Task input START
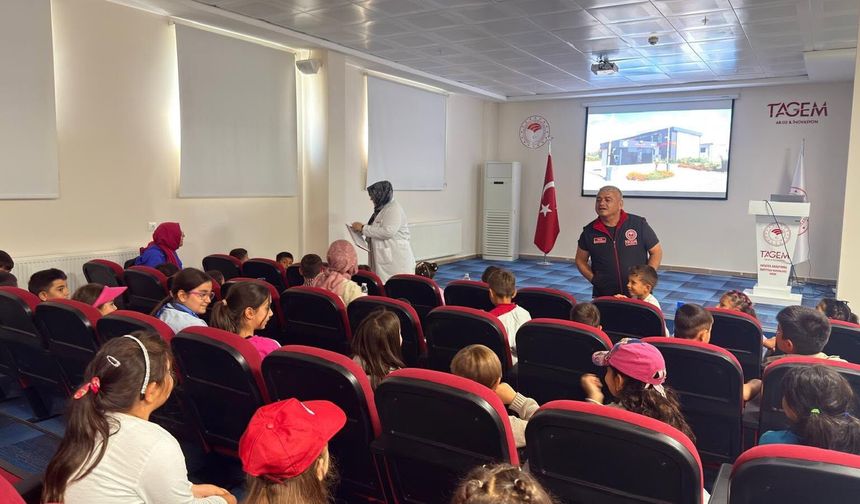 İlkokullu minikler Enstitüyü ziyaret etti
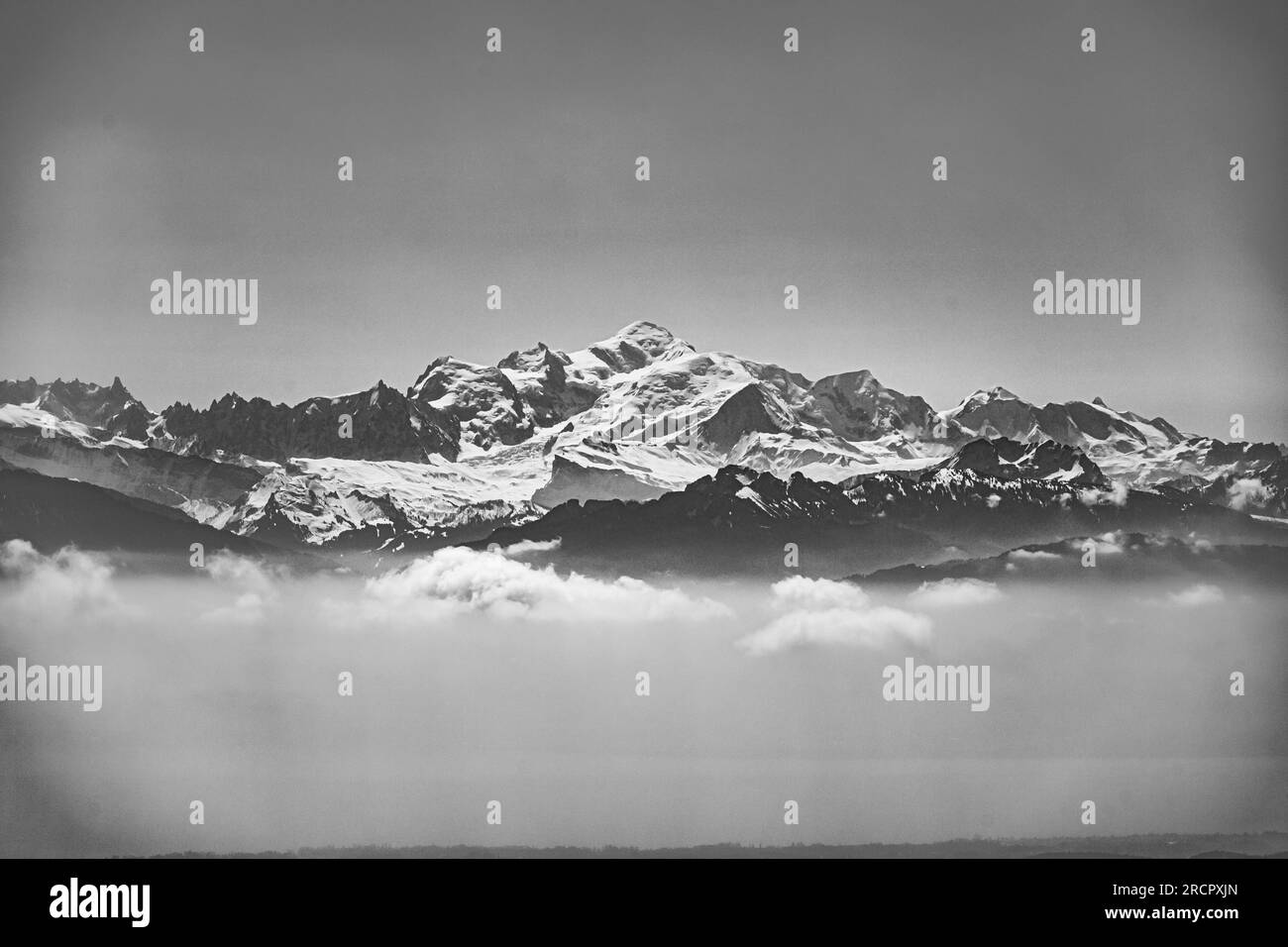 La Dent de Vaulion en Suisse dans la vallée de Joux, canton de Vaud. Situé à 1500m d'altitude avec un panorama à 360°. Vue sur le lac de Joux. Lorsque Banque D'Images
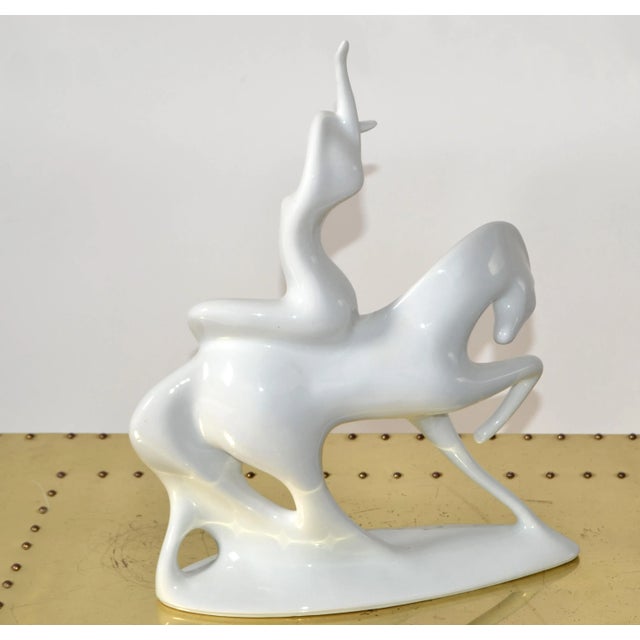 1960s 1960s Jitro Porcelain Statue by Jaroslav Ježek for Royal Dux Bohemia Sculpture For Sale - Image 5 of 12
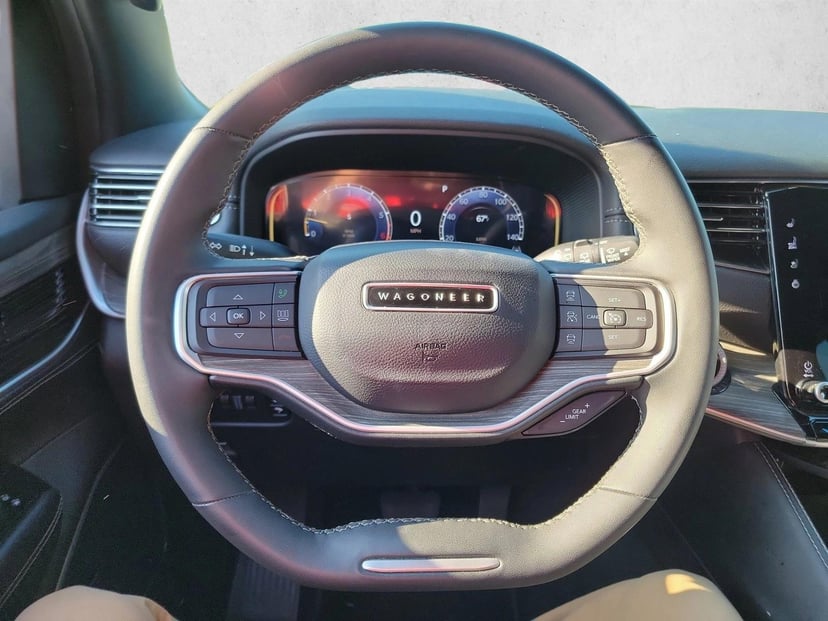 2024 Jeep Wagoneer L - Image 19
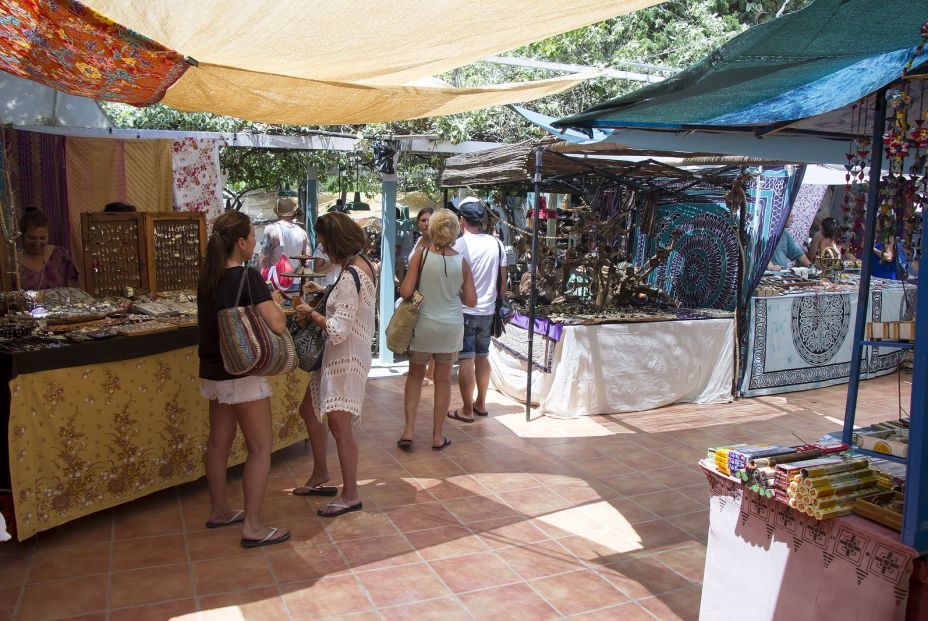 Septiembre, el mes ideal para visitar Ibiza: mercadillo hipie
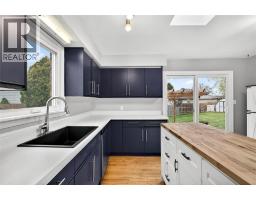 1582 KAREN COURT - 9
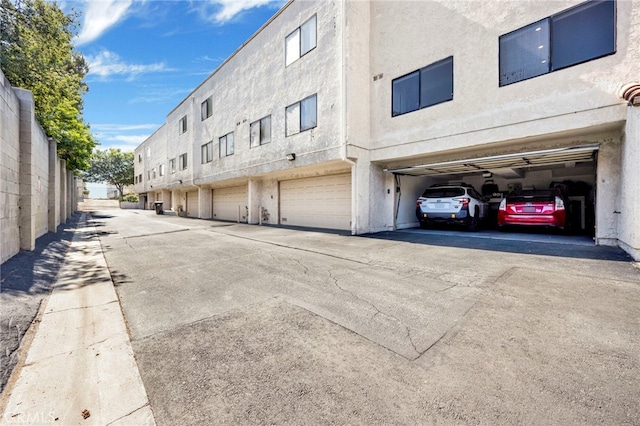 5533 Edward E Horton Ln Unit 6, Encino, CA 91316 - view of concrete alley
Task input END
> _Assigned task_: Copy each line of the records precisely and drop any images they hold.

> _Finished task_:
 İlkokullu minikler Enstitüyü ziyaret etti
 La Dent de Vaulion en Suisse dans la vallée de Joux, canton de Vaud. Situé à 1500m d'altitude avec un panorama à 360°. Vue sur le lac de Joux. Lorsque Banque D'Images
 1960s 1960s Jitro Porcelain Statue by Jaroslav Ježek for Royal Dux Bohemia Sculpture For Sale - Image 5 of 12
 2024 Jeep Wagoneer L - Image 19
 Septiembre, el mes ideal para visitar Ibiza: mercadillo hipie
 1582 KAREN COURT - 9
 5533 Edward E Horton Ln Unit 6, Encino, CA 91316 - view of concrete alley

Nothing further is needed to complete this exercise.